- **Task instructions**
Only the lines from the one containing "Sunset Pirate Boy" to the end of the data below belong in the answer, each repeated exactly; no pictures.

>>>

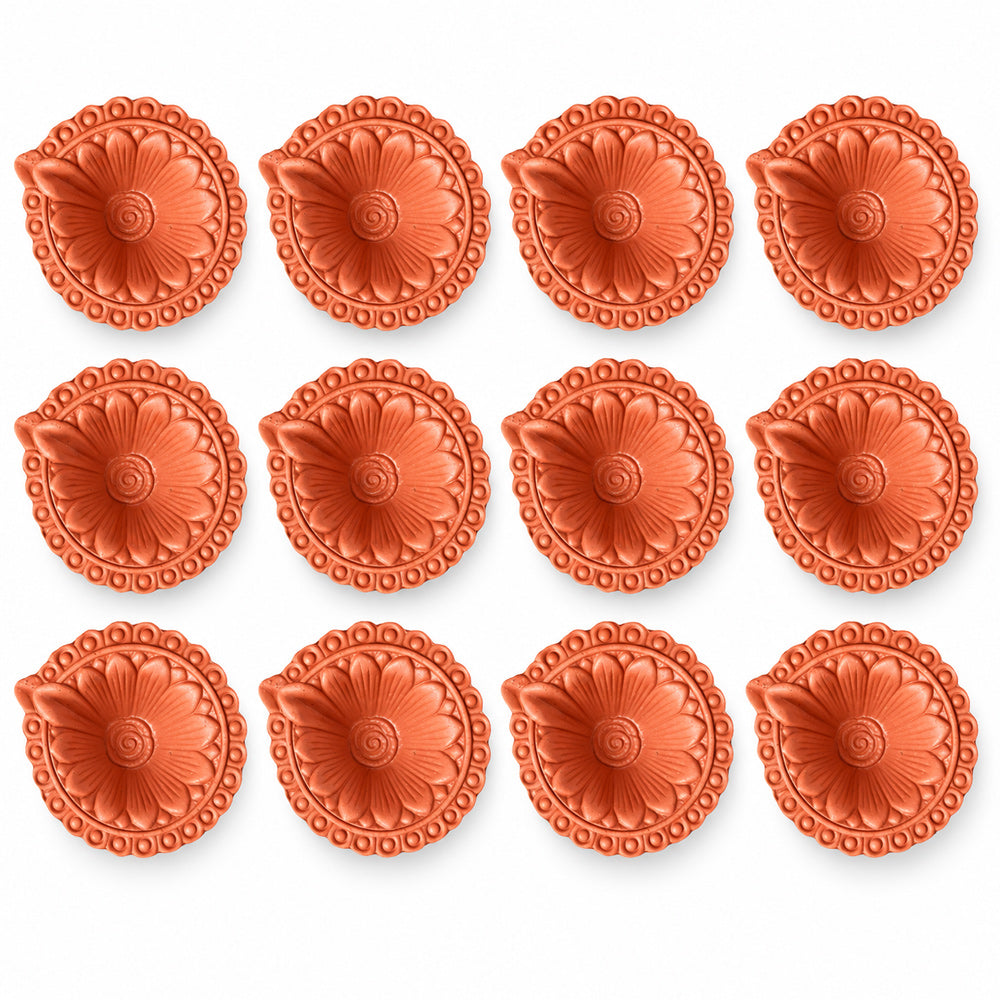 12 Pcs Handmade Flower-Carved Scalloped Clay Diyas
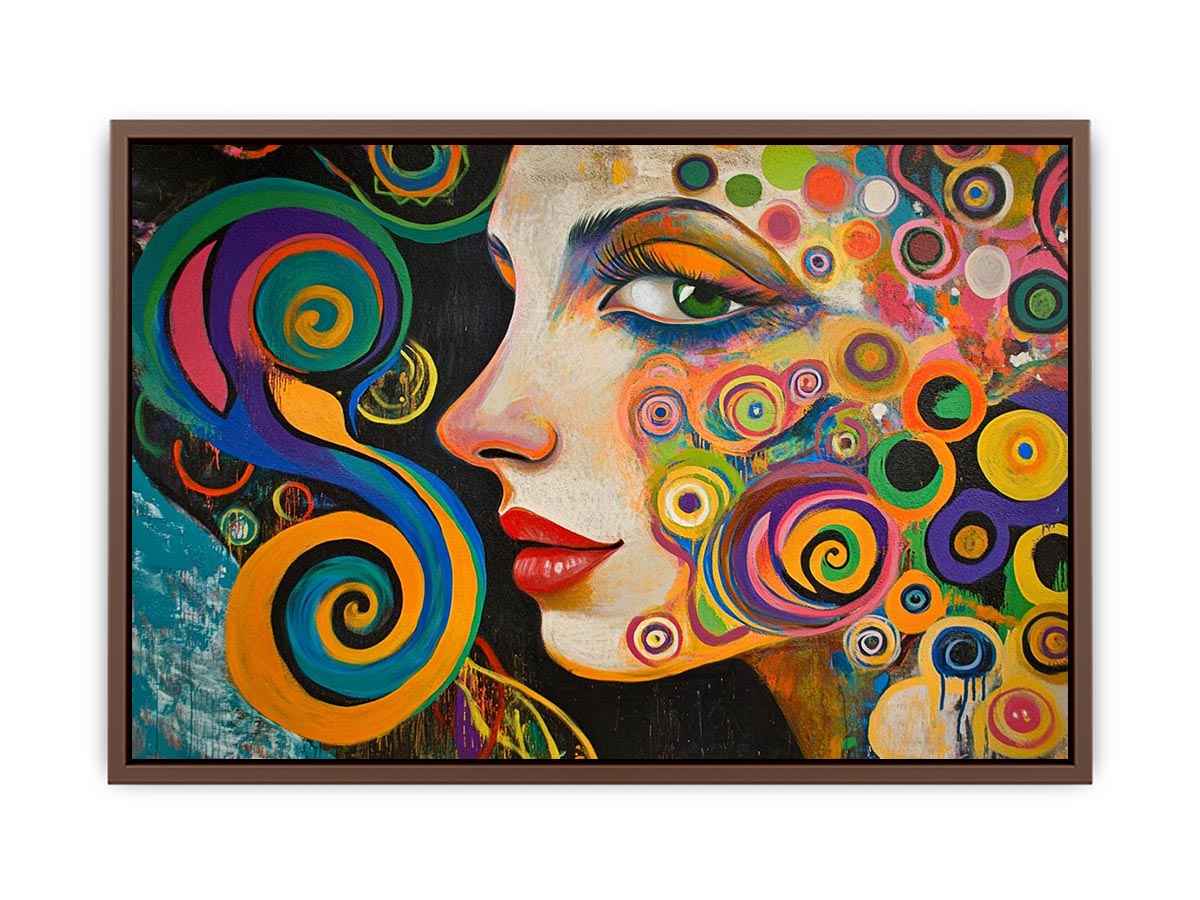 Colourful abstract woman portrait Canvas Print with spirals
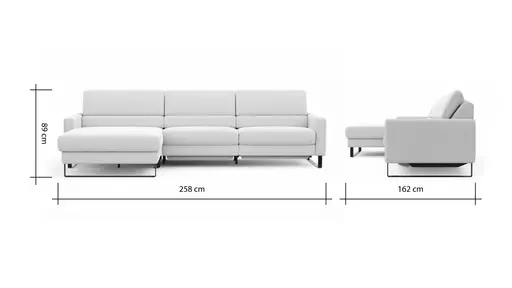 Ecksofa Valera - Longchair mit 3-Sitzer rechts inkl. Rückenlehne verstellbar und Relaxfunktion motorisch, Stoff, Natur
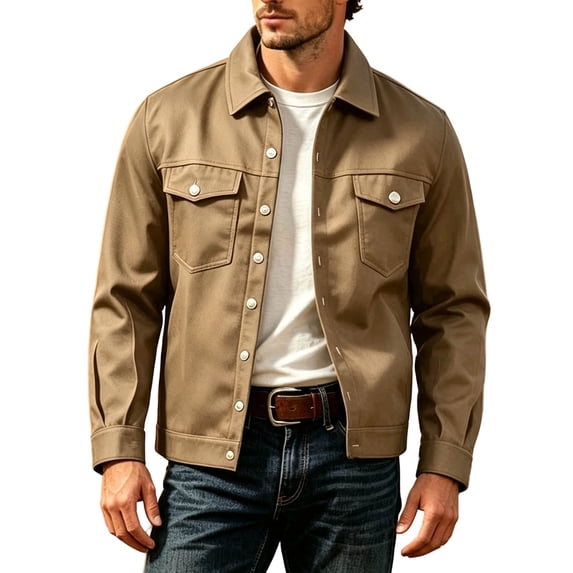 YUGYXL Men's Lapel Button down Casual Jackets Loose Fashion Fall Jackets | Breathable Stretch Slim Fit Trucker Khaki Jackets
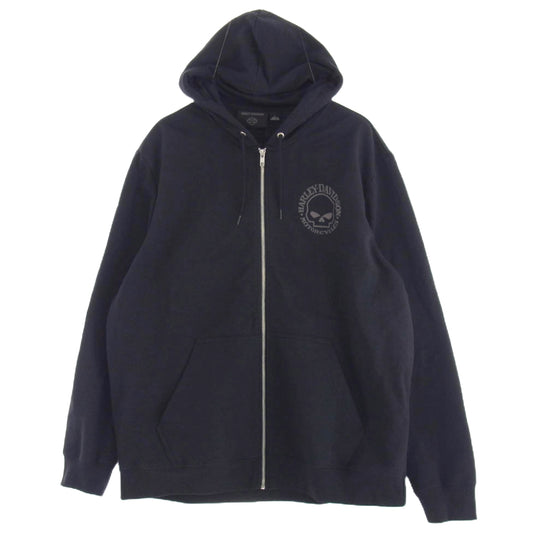 HARLEY DAVIDSON ハーレーダビッドソン WillieG スカル ジップ アップ フーディー パーカー ブラック系 L【中古】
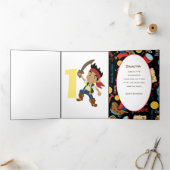 Sunset Pirate Boy 1st Birthday Drieluik Kaart (Binnen)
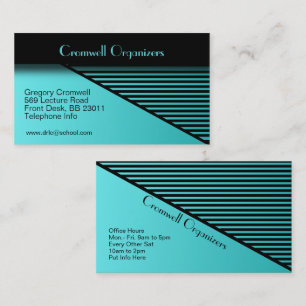 Teal Blue  Contemporary Business Card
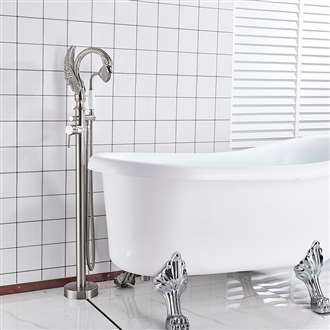 Fontana Deauville Brushed Nickel Finish Swan Shape Bath Tub Faucet with Hand Shower Type B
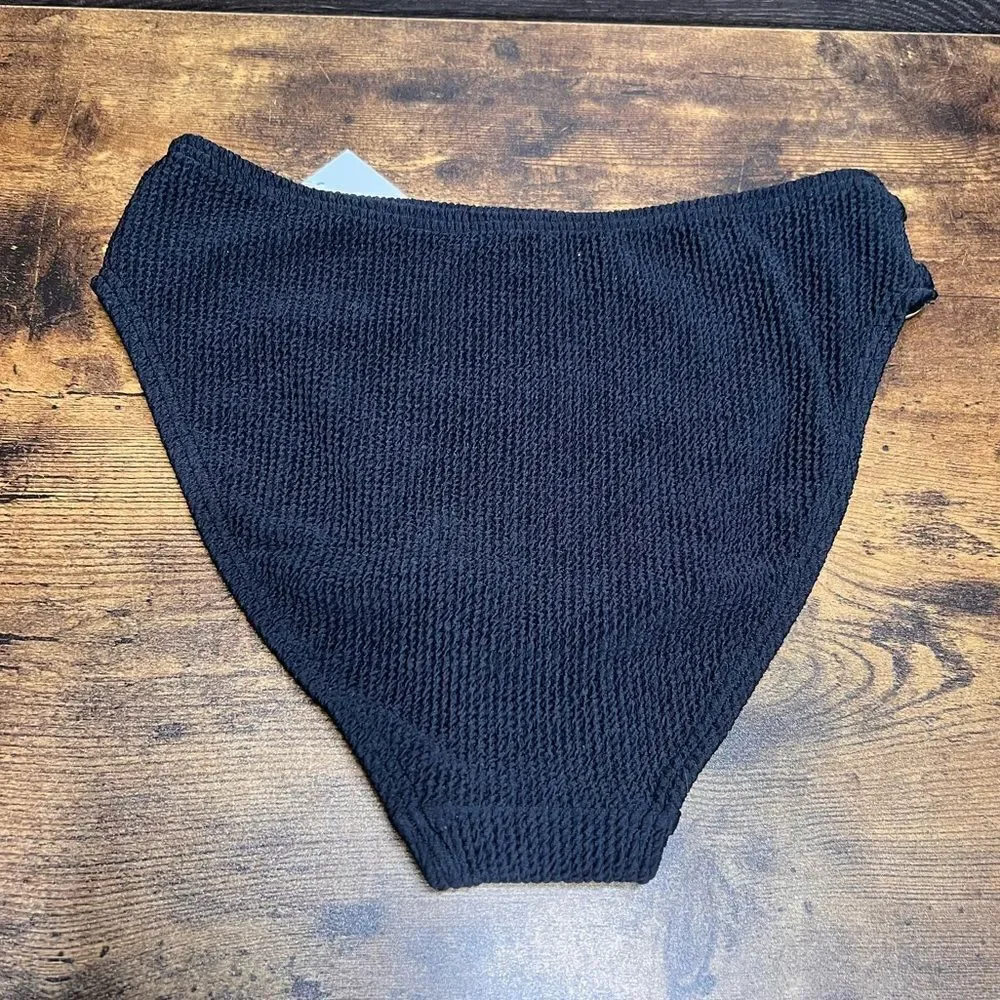 Michael Kors High-Leg Bikini Bottoms in Black with Ring Gold Chain Accents. NWT!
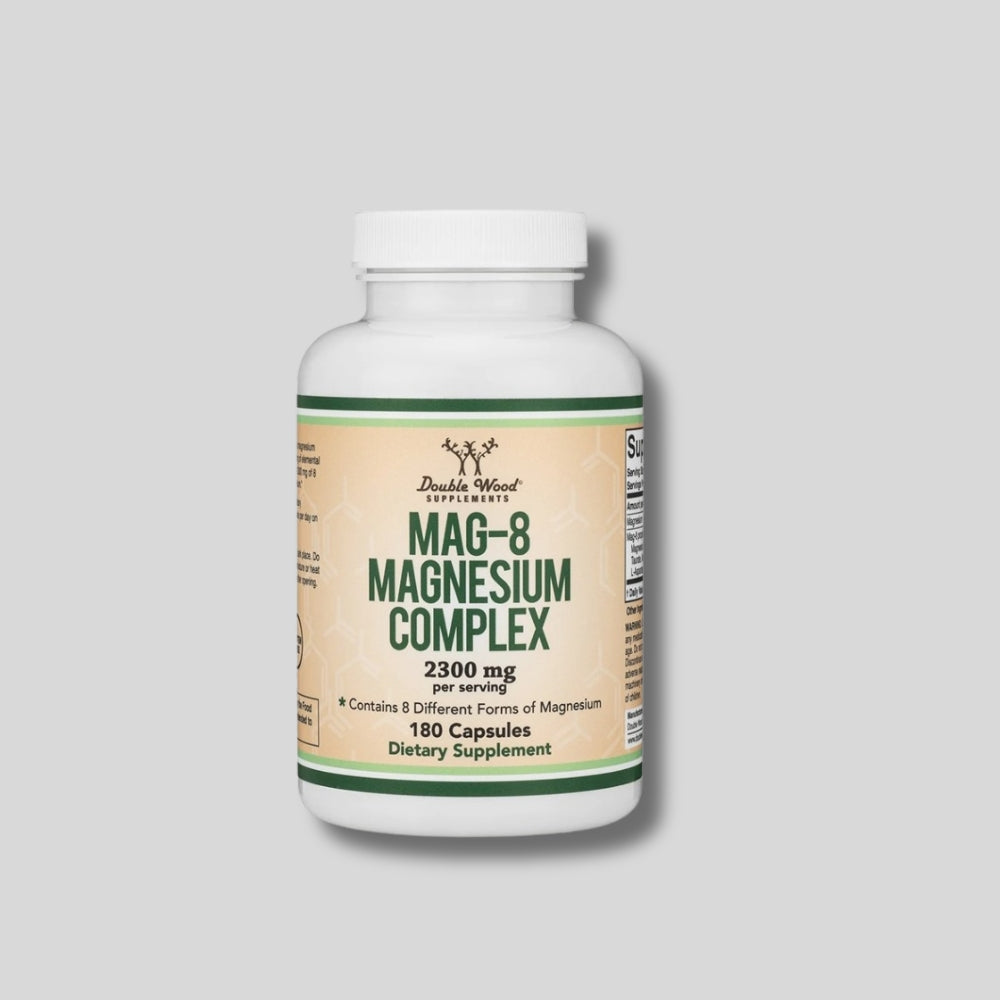 Double Wood - MAG-8 Magnesium Complex – Магнезиев Комплекс за Нервната Система и Мускулите - 142 mg, 180 капсули за 6 месеца прием - GetMorePower.bg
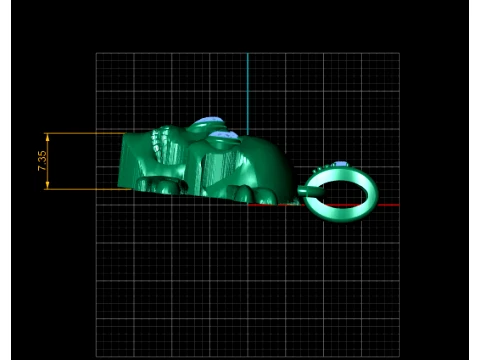 Gemstone Skull Crossbones Pendant 3D Model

<<<

- **Your response**
 Sunset Pirate Boy 1st Birthday Drieluik Kaart (Binnen)
 Teal Blue  Contemporary Business Card
 Fontana Deauville Brushed Nickel Finish Swan Shape Bath Tub Faucet with Hand Shower Type B
 Michael Kors High-Leg Bikini Bottoms in Black with Ring Gold Chain Accents. NWT!
 Double Wood - MAG-8 Magnesium Complex – Магнезиев Комплекс за Нервната Система и Мускулите - 142 mg, 180 капсули за 6 месеца прием - GetMorePower.bg
 Gemstone Skull Crossbones Pendant 3D Model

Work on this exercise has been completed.